### Data
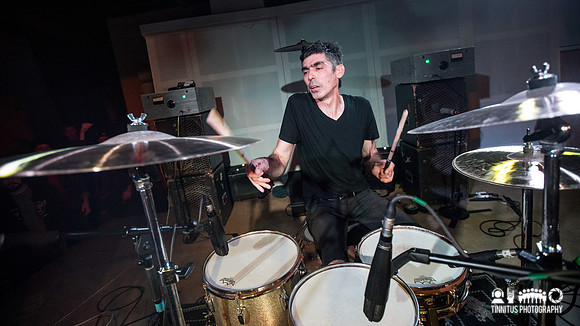 Shellac in concert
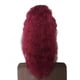 thumbnail image 3 of Peluca de cabello humano rizado de 24 pulgadas con encaje frontal antiadherente de 360 grados., 3 of 4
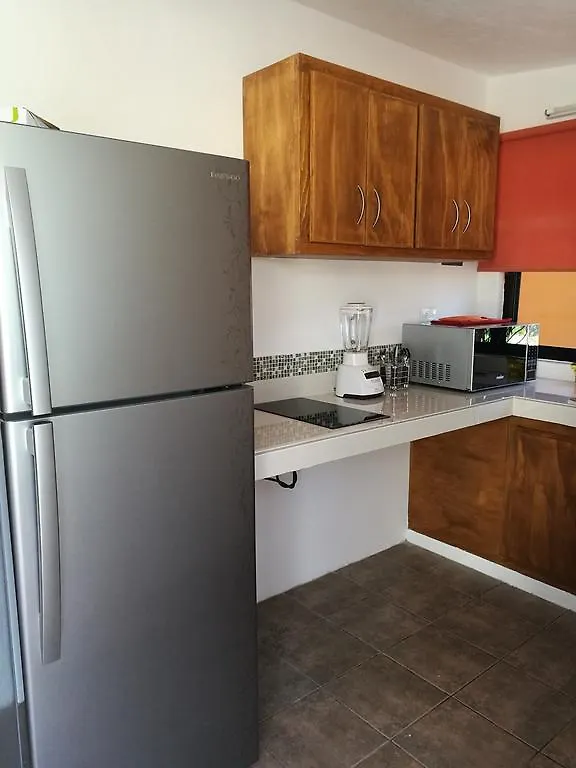 Studio Xh Apartment Cozumel Mexico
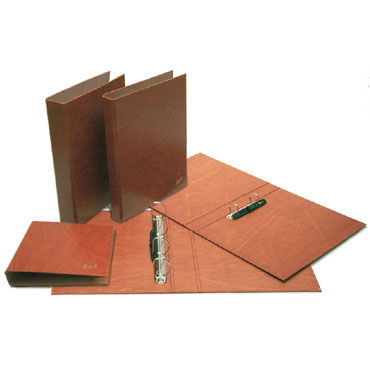 Carpeta cuero Folio Grafoplás 07384041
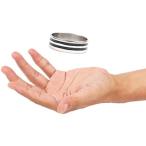 ショッピングMAGICIAN 【並行輸入品】blue ther マジック フローティングリング マジックトリック インビジブルフローティングエフェクト マジックマジシャン ク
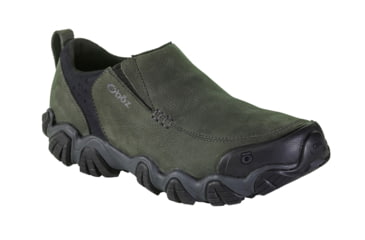 Image of Oboz Livingston Low, Dark Shadow, Medium, 9, 80601-Dark Shadow-Medium-9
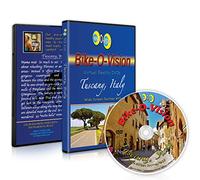 Bike-O-Vision Cycling Video- Tuscany, Italy (#25 BluRay) [Blu-ray]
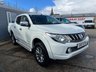 USED 2017 17 MITSUBISHI L200 2.4 DI-D 4WD BARBARIAN DCB 178 BHP 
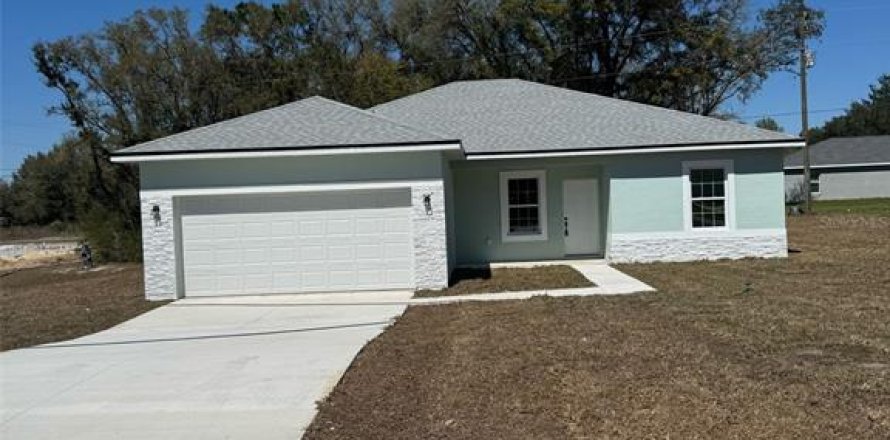 House in Ocala, Florida 4 bedrooms, 160.72 sq.m. № 1574325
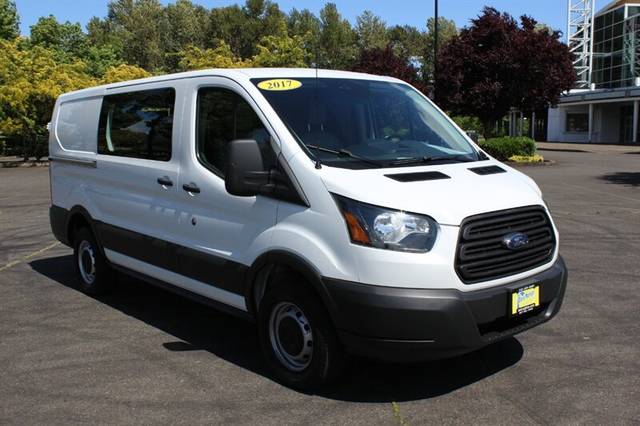 2017 Ford Transit Van  RWD photo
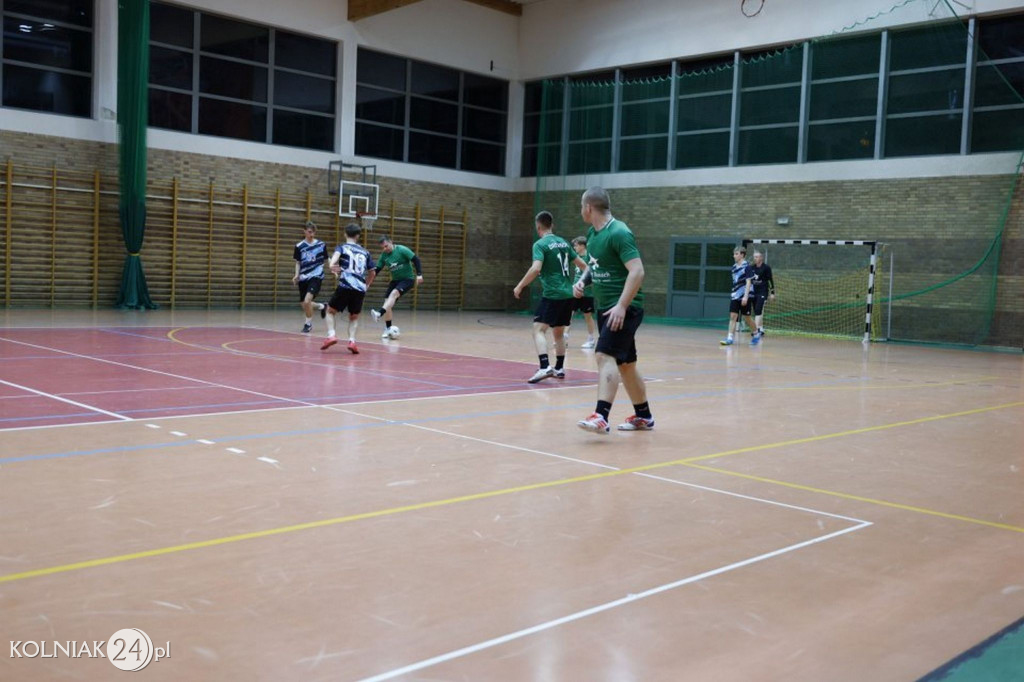 Halowa Liga Piłki Nożnej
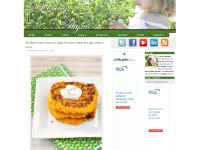 Savor The Thyme - Food, Family and Lifestyle — easy family-friendly healthy recipes using real food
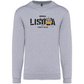 Sweatshirt Kariban sem Capuz Original Lisboa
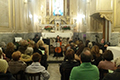 Natale in Musica a Chiaia 2015 - M. Tranzillo, cello - C. Fidanza, piano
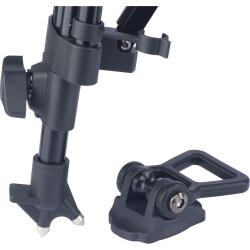 Sirui SH25 Aluminyum Video Tripod Kiti - 4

### Exercise prompt
Nothing but the lines from the line containing "Carpeta cuero Folio Grafoplás 07384041" through the end of the data, both ends included, is to be reproduced, exactly as written and without the pictures.

### Solution
 Carpeta cuero Folio Grafoplás 07384041
 ショッピングMAGICIAN 【並行輸入品】blue ther マジック フローティングリング マジックトリック インビジブルフローティングエフェクト マジックマジシャン ク
 Image of Oboz Livingston Low, Dark Shadow, Medium, 9, 80601-Dark Shadow-Medium-9
 Bike-O-Vision Cycling Video- Tuscany, Italy (#25 BluRay) [Blu-ray]
 USED 2017 17 MITSUBISHI L200 2.4 DI-D 4WD BARBARIAN DCB 178 BHP 
 House in Ocala, Florida 4 bedrooms, 160.72 sq.m. № 1574325
 2017 Ford Transit Van  RWD photo
 Halowa Liga Piłki Nożnej
 Savor The Thyme - Food, Family and Lifestyle — easy family-friendly healthy recipes using real food
 Sweatshirt Kariban sem Capuz Original Lisboa
 Natale in Musica a Chiaia 2015 - M. Tranzillo, cello - C. Fidanza, piano
 Sirui SH25 Aluminyum Video Tripod Kiti - 4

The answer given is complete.